Copy out all the lines of the data precisely, omitting any pictures.

Records shown:

____

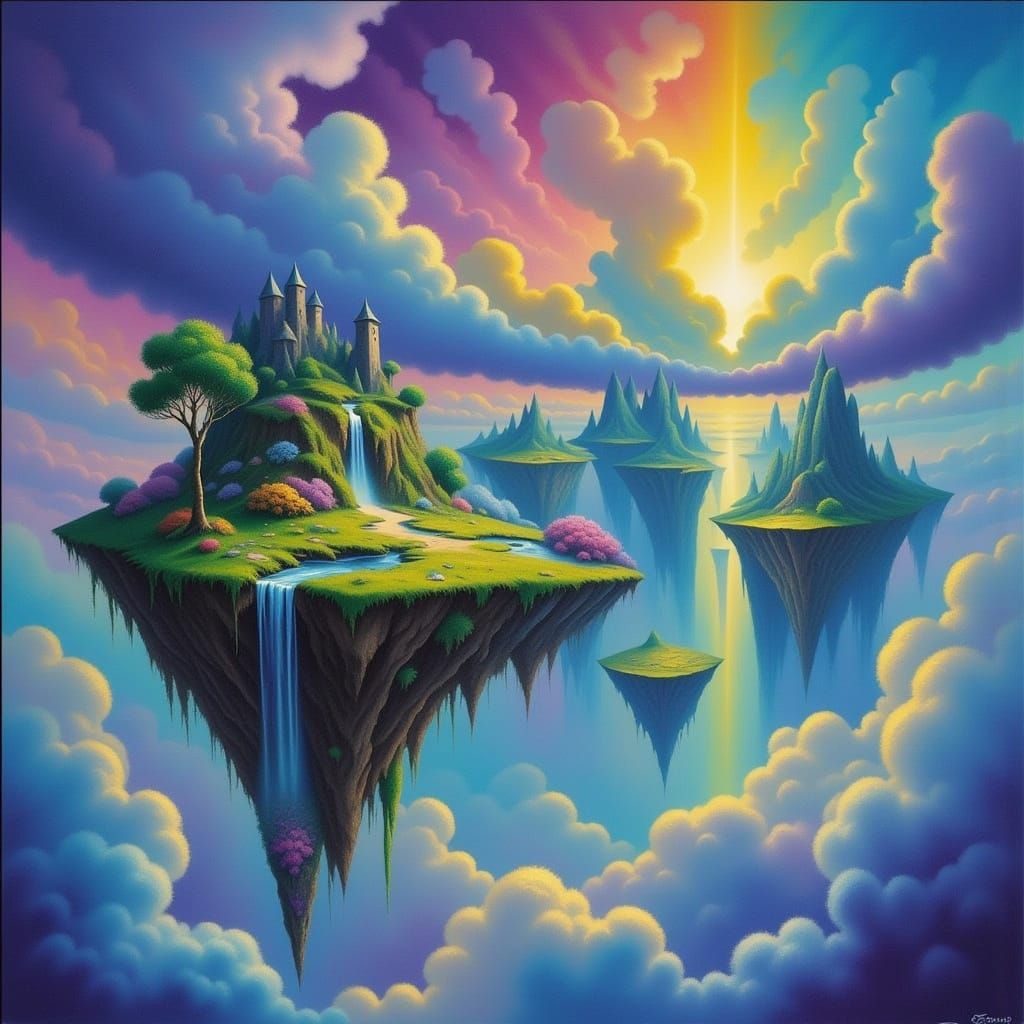 Majestic Floating Islands at Dawn in Epic Matte Painting Sty...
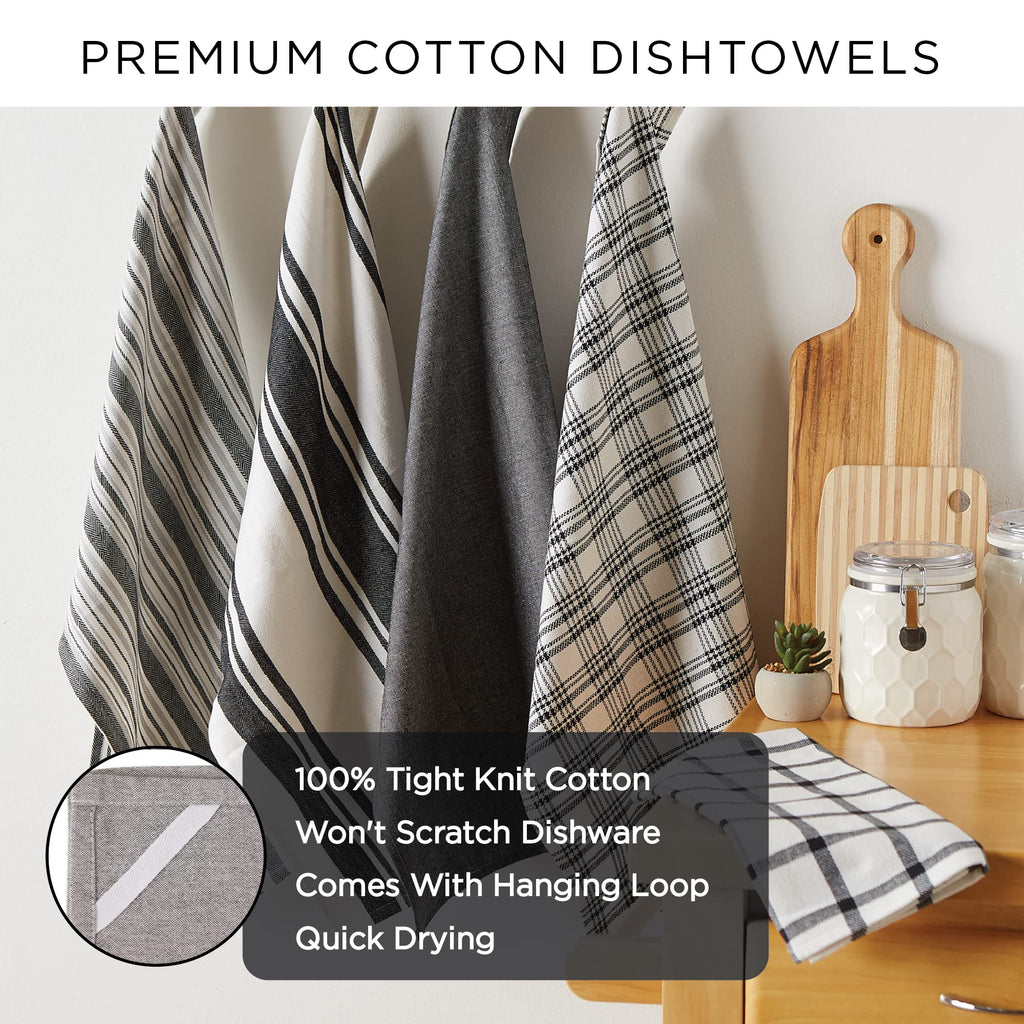 DII Assorted Woven Kitchen Set, Dishtowel, 18x28, Dishcloth, 13x13, Eggplant, 5 Piece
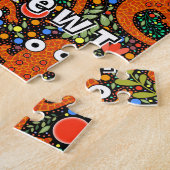 Roter Gepunkteter Newt auf dem Waldboden Puzzle (Seite)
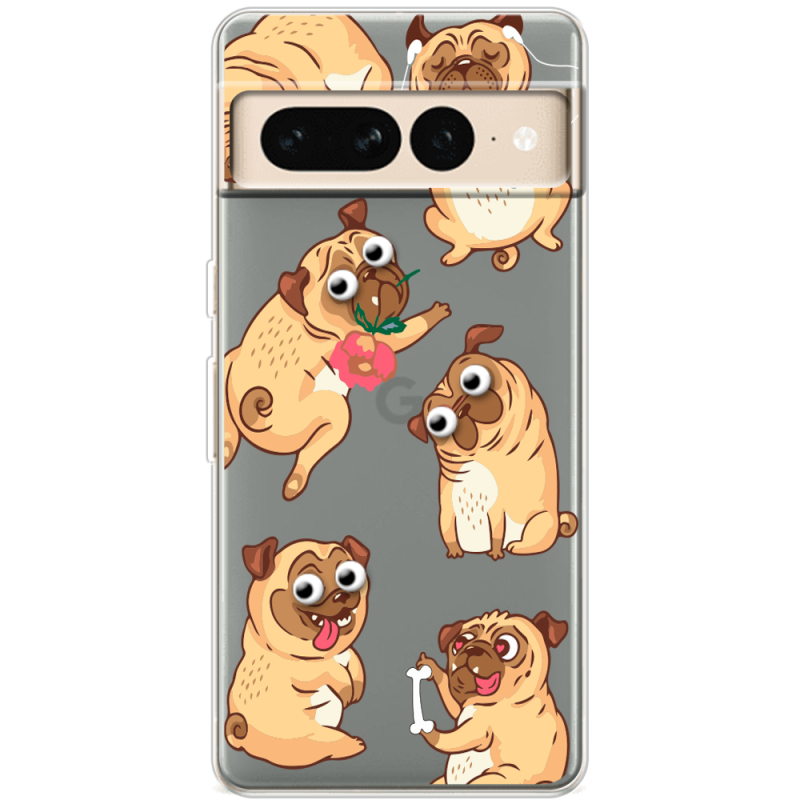 Прозрачный чехол BoxFace Google Pixel 7 Pro с 3D-глазками Pug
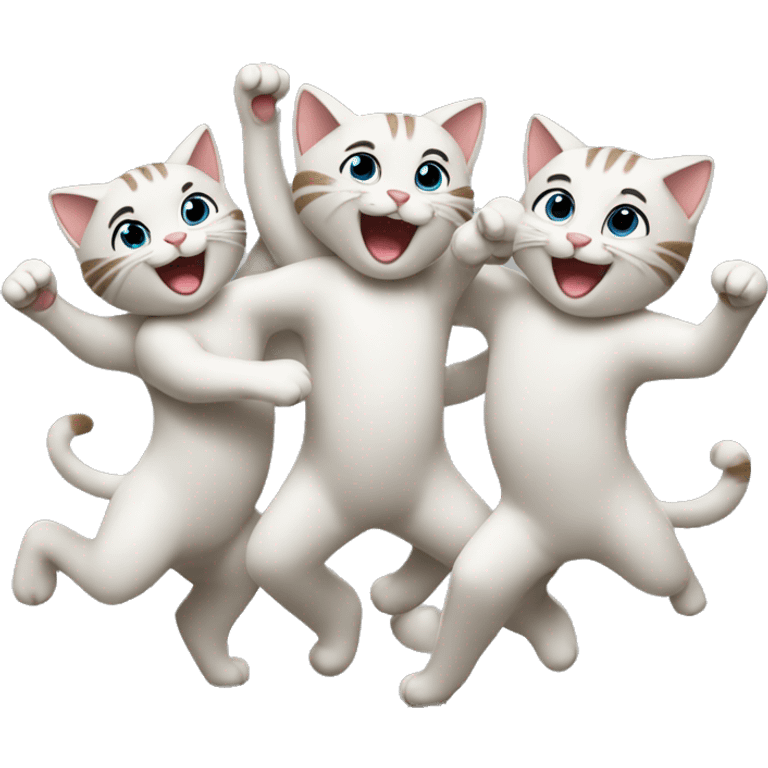 6 happy cats dancing together emoji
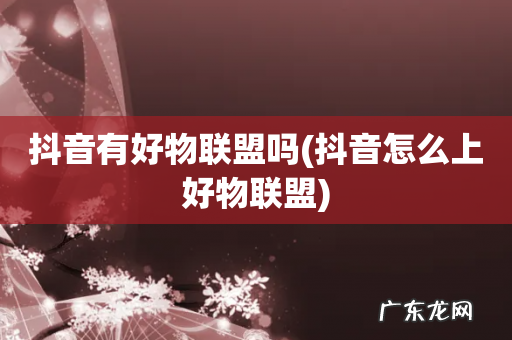抖音怎么上好物联盟 抖音有好物联盟吗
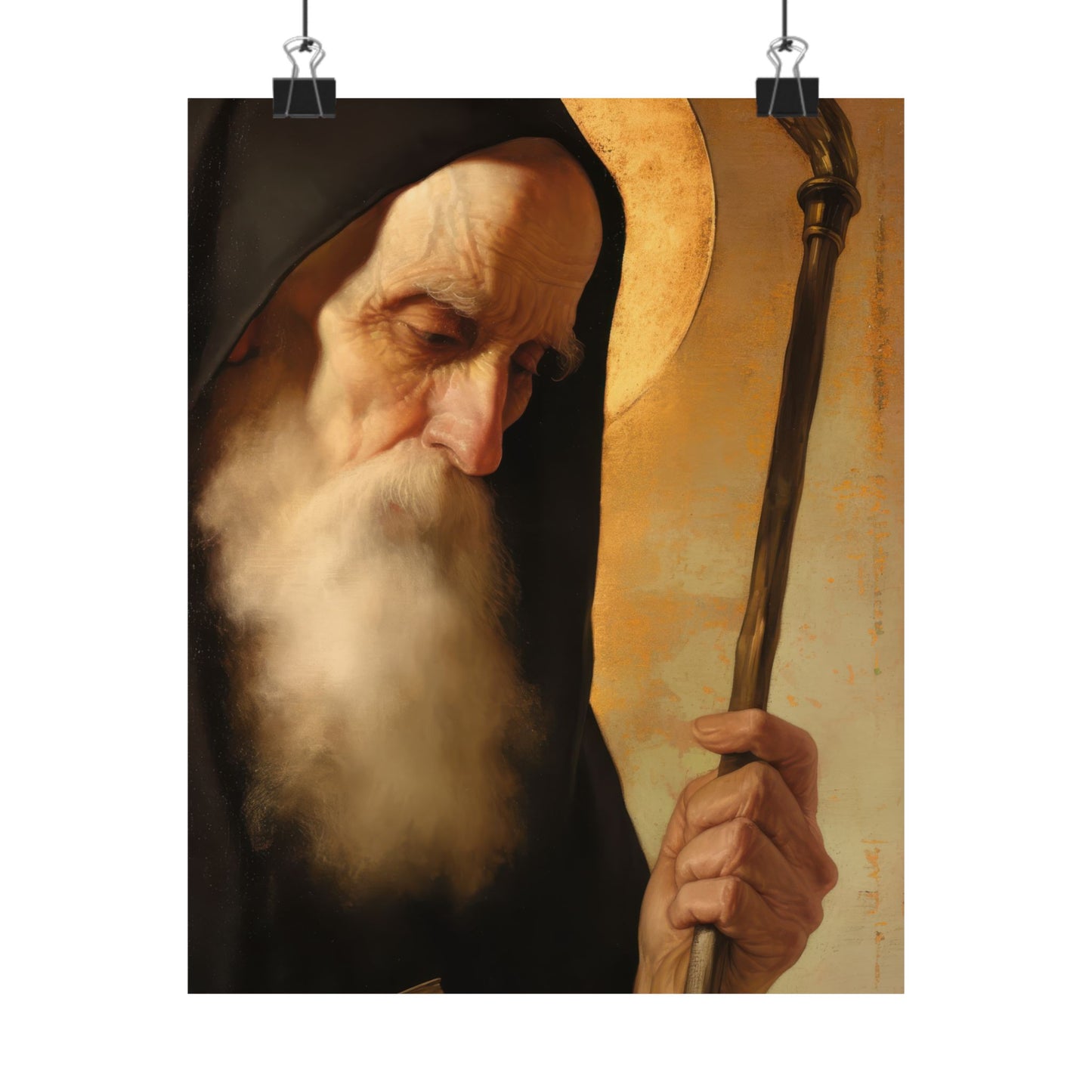Saint Benedict  - Sanctified Souls Print - Multiple Sizes - Premium Posters - Catholic Art - Christian Home Decor Artwork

____

Answer for the task:
 Majestic Floating Islands at Dawn in Epic Matte Painting Sty...
 DII Assorted Woven Kitchen Set, Dishtowel, 18x28, Dishcloth, 13x13, Eggplant, 5 Piece
 Roter Gepunkteter Newt auf dem Waldboden Puzzle (Seite)
 Прозрачный чехол BoxFace Google Pixel 7 Pro с 3D-глазками Pug
 6 happy cats dancing together emoji
抖音怎么上好物联盟 抖音有好物联盟吗
Saint Benedict  - Sanctified Souls Print - Multiple Sizes - Premium Posters - Catholic Art - Christian Home Decor Artwork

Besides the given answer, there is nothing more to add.